ドルチェ
Confidentdoruche
dolce; dessert; sweetly
katakana
由来
- 元言語
- イタリア語 (it)
- 元の形
- dolce
- 借用ルート
- イタリア語音楽語・食文化語 → 日本語へ
- 意味の変化
- 甘い・やさしく → 音楽の発想標語、後にデザート語としても定着
- 最古文献
- 1900
解説
この語の日本語版はまだ準備中です。 If ドルチェ looks like a dessert menu word and nothing more, surprise: it was already singing before it reached the cake plate. Japanese ドルチェ comes from Italian dolce, meaning sweet, gentle, soft, or pleasant. The music meaning is old and important.
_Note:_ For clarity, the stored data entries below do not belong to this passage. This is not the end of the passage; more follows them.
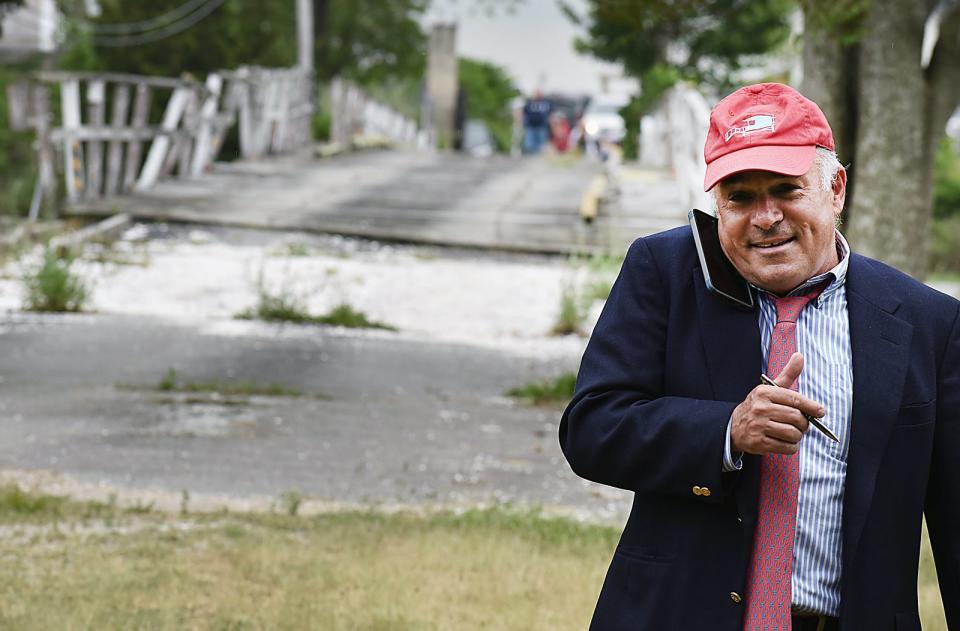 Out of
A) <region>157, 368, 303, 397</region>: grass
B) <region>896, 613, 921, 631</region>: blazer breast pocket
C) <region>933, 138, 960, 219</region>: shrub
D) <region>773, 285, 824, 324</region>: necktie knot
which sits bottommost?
<region>933, 138, 960, 219</region>: shrub

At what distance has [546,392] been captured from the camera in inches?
388

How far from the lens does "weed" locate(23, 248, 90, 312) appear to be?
1195 cm

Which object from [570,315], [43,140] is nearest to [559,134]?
[43,140]

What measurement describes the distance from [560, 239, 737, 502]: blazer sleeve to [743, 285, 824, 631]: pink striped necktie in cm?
8

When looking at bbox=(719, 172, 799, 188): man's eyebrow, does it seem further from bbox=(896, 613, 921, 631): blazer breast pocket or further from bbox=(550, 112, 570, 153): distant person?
bbox=(550, 112, 570, 153): distant person

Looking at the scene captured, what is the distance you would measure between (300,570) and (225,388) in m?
3.99

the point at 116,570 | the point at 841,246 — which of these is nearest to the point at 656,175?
the point at 116,570

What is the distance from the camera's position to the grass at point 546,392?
979cm

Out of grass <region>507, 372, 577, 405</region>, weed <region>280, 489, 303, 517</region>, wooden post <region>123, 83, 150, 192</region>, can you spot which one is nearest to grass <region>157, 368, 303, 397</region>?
grass <region>507, 372, 577, 405</region>

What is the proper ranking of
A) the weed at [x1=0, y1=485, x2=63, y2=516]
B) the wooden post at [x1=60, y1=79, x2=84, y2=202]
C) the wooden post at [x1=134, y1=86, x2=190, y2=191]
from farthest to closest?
the wooden post at [x1=134, y1=86, x2=190, y2=191]
the wooden post at [x1=60, y1=79, x2=84, y2=202]
the weed at [x1=0, y1=485, x2=63, y2=516]

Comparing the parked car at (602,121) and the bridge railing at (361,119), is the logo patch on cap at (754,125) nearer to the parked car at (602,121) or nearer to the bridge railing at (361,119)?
the bridge railing at (361,119)

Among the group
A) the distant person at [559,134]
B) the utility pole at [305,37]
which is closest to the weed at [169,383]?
the utility pole at [305,37]

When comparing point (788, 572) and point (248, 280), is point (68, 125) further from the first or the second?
point (788, 572)

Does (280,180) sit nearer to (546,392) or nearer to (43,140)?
(43,140) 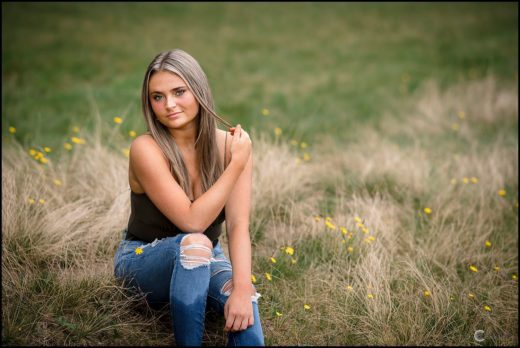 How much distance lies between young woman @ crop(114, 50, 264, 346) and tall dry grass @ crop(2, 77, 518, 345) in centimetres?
29

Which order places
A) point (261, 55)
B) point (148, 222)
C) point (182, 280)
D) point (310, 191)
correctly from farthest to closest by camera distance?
point (261, 55)
point (310, 191)
point (148, 222)
point (182, 280)

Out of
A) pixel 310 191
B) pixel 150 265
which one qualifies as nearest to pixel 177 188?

In Western classical music, Italian words became the shared passport language for tempo, mood, and performance instructions. Dolce on a score tells the player to perform sweetly, softly, or tenderly. Japanese music education borrowed that Italian world too, and sources point to early twentieth-century music guides using ドルチェ as a performance mark. Then food culture gave the word a second life. In Italian, dolce can also mean something sweet, and in restaurant language it naturally points to dessert. Japanese picked up that fashionable food sense, especially through Italian restaurants, cafe menus, patisserie talk, and media about sweets. So ドルチェ now has two friendly homes: the score and the dessert course. The English difference is useful. If a Japanese menu says 本日のドルチェ, “today’s dessert” may be the smooth translation. But if a music teacher says ここはドルチェで, nobody is asking for tiramisu. They mean the passage should sound sweet and gentle. This is why ドルチェ is such a good katakana word. It looks like a trendy food label, but it also belongs to a much older Italian music toolkit. A single word can taste sweet in a restaurant and sound sweet in a sonata.